Your job is to retype all of the data word for word, leaving every image out.

** MATERIAL PROVIDED **
|---|

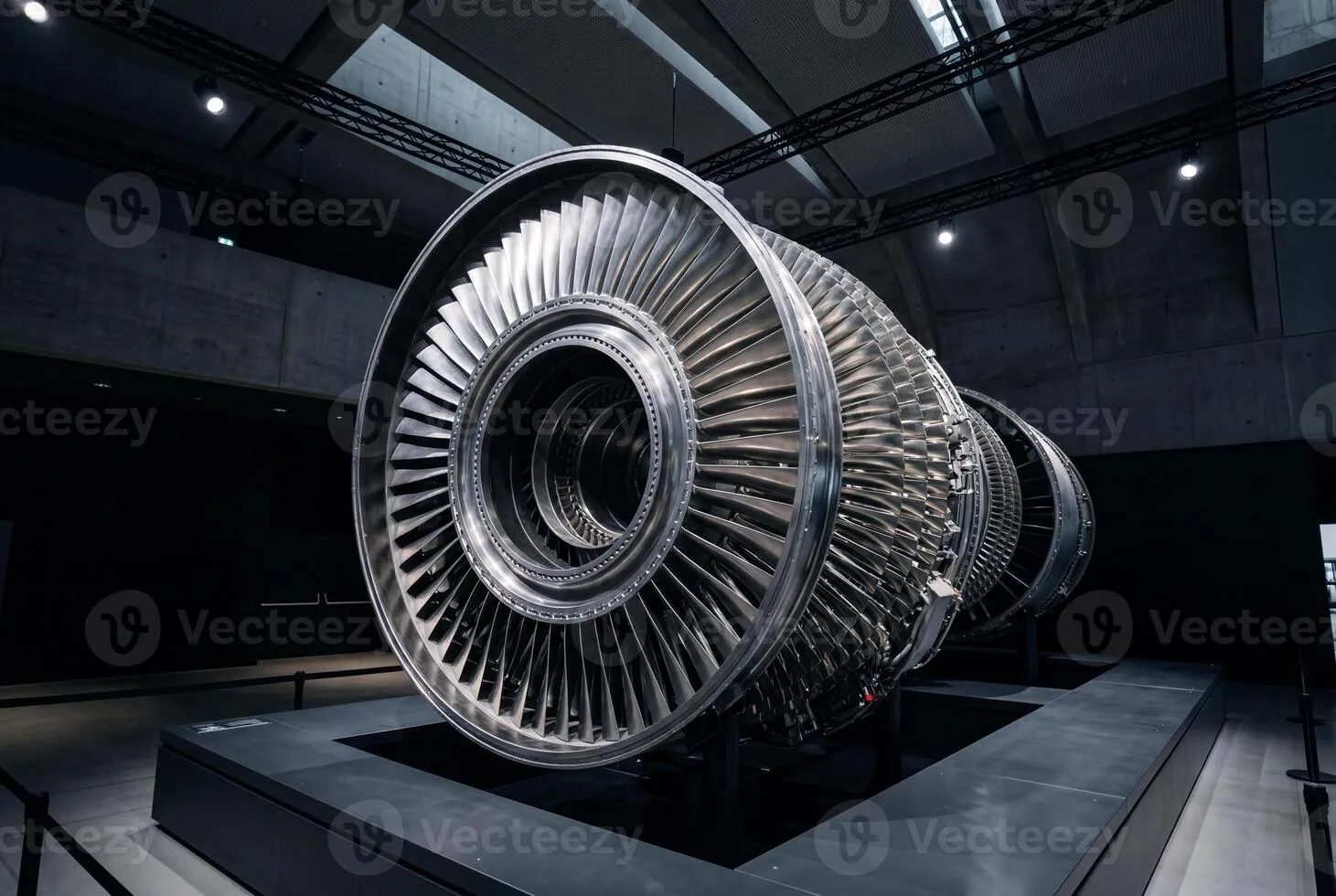 Sleek metallic compressor fan blades of a massive jet engine displayed in a dark exhibition hall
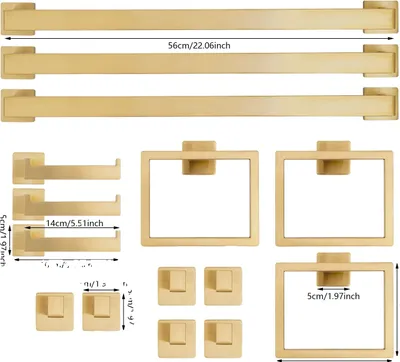 Produktbild von Handtuchstangen-Set, Edelstahl, Wandmontage, Gold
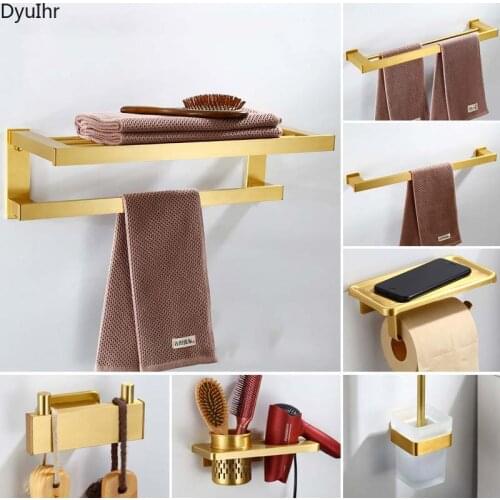 European style simple bathroom hardware set brushed golden bathroom shelf towel rack space aluminum pendant set DyuIhr
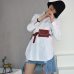 [EAM] 2019 Spring Lapel Fashion New Long Sleeves Solid Color Blue Striped Long Paragraph Loose Women Shirt Tide G01605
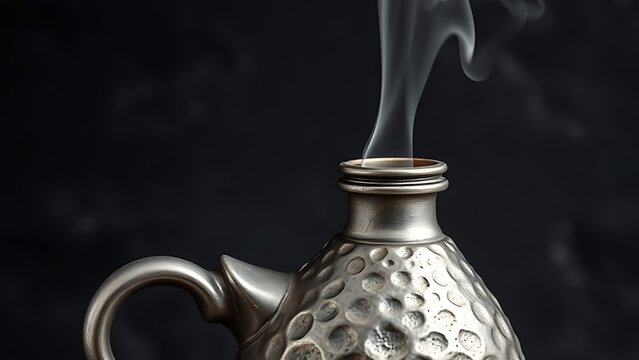 flagon. Close-up of an antique pewter flagon with hammered texture and rising vapor. bar promotions, beverage menus, designed for product packaging and bar promotions.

|---|

** SOLUTION **
 Sleek metallic compressor fan blades of a massive jet engine displayed in a dark exhibition hall
 Produktbild von Handtuchstangen-Set, Edelstahl, Wandmontage, Gold
 European style simple bathroom hardware set brushed golden bathroom shelf towel rack space aluminum pendant set DyuIhr
 [EAM] 2019 Spring Lapel Fashion New Long Sleeves Solid Color Blue Striped Long Paragraph Loose Women Shirt Tide G01605
 flagon. Close-up of an antique pewter flagon with hammered texture and rising vapor. bar promotions, beverage menus, designed for product packaging and bar promotions.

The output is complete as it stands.